**INFORMATION**
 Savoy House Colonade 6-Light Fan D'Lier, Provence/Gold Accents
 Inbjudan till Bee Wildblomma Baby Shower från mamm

==

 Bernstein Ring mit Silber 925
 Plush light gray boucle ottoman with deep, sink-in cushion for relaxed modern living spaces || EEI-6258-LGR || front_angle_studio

--

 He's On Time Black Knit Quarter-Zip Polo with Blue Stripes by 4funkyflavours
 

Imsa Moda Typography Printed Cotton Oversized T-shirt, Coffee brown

**PROBLEM DETAILS**
In the listing above, find the line containing "Savoy House Colonade" and the line containing "Inbjudan till Bee". Output them and every line between, exactly, and nothing else.

**RESPONSE**
 Savoy House Colonade 6-Light Fan D'Lier, Provence/Gold Accents
 Inbjudan till Bee Wildblomma Baby Shower från mamm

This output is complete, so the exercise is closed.